These are the Advantages of Limiting Car Usage
As gas prices rise across the country and inflation burns a hole in the pockets of consumers, many are eliminating unnecessary purchases and travel. While daily commutes could be unavoidable, limiting car use could offer many perks and benefits to consumers.
Most people figure out how to shop more mindfully at the grocery store; making lists, cutting coupons, and joining rewards programs can help to save cash at the register. However, the car could be making a huge impact on finances beyond fuel consumption. These are the advantages of limiting car usage:
- Decreased fuel costs
- Lower possible insurance costs
- Less wear and tear on the vehicle
- A decreased carbon footprint
- More physical exercise
The Number One Advantage is Lower Fuel Costs
Consumers will understand the most obvious impact of limiting car use relates to a decrease in fuel dependency and its inherent cost at the pump. Driving more means that the car will need fuel more frequently. More fuel means more money spent at the pump. With the average price of gas now around $4.80, every mile matters.
As prices at the gas stations continue to rise, consumers might begin to change their driving habits. Again, this isn’t always possible for those who have daily commutes. These drivers might simply face higher fuel costs each month for the same commute.

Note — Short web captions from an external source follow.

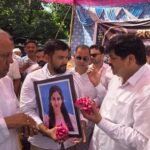 अंकिता की बरसी पर कांग्रेस का मार्च, वनंत्रा रिजॉर्ट तक पहुंचकर उठाई न्याय की मांग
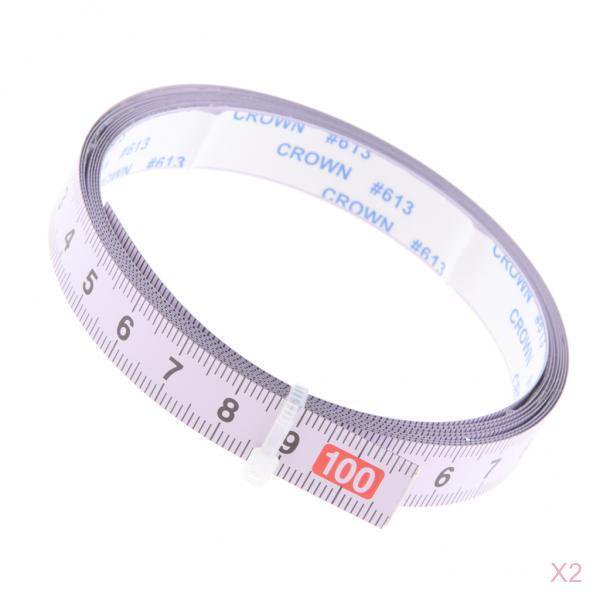 Cinta métrica autoadhesiva Zulema 2 Piezas 100 CM 200 CM Color blanco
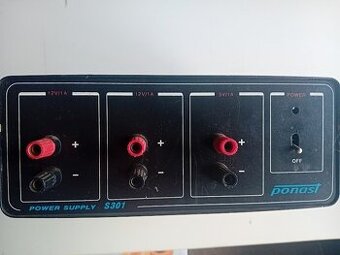Zdroj  S301 220V/50Hz 55VA 2x12V/1A 1x5V/1A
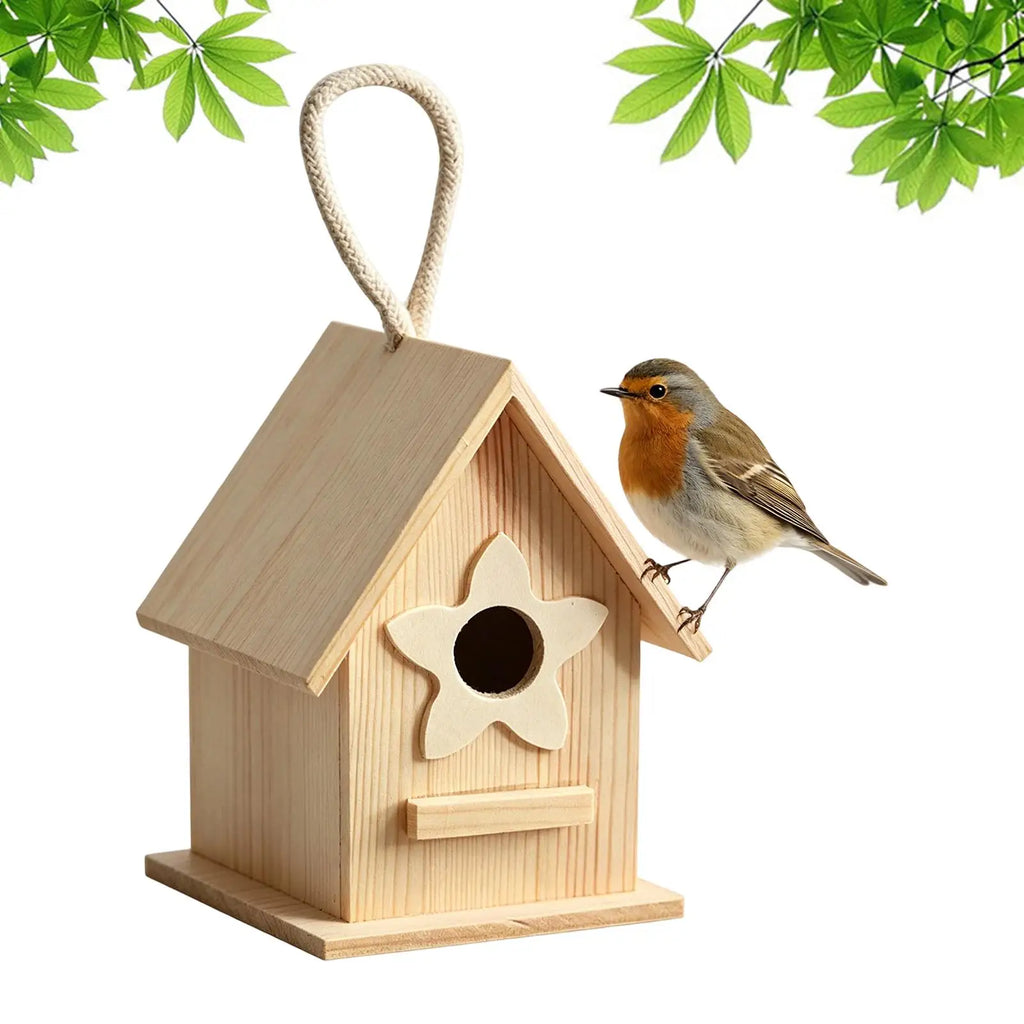 Bird House Weatherproof Wooden Birdhouse Bird Nesting Shelter for Macaws Sparrow Parakeet Lovebird Conures Cockatiels Finches Oasis Select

Yet, even commuters could decrease their driving during evening hours or on the weekend. Perhaps families opt for a staycation instead of enjoying a road trip.
While consumers once might have taken leisurely drives or perhaps didn’t think twice about heading across town to make a purchase, now every decision could be more mindful and based on fuel costs.
Suddenly, saving a few dollars on an item at a store 20 miles away just doesn’t make sense. Instead, that item might cost more because of the gas wasted during the drive.
To save money on fuel, consumers can use apps to find the cheapest gas in their area. In addition, some also might decide to pay for a membership at stores like Costco and Sam’s Club; these stores offer discounted gas to members. The savings on fuel actually pays for the membership.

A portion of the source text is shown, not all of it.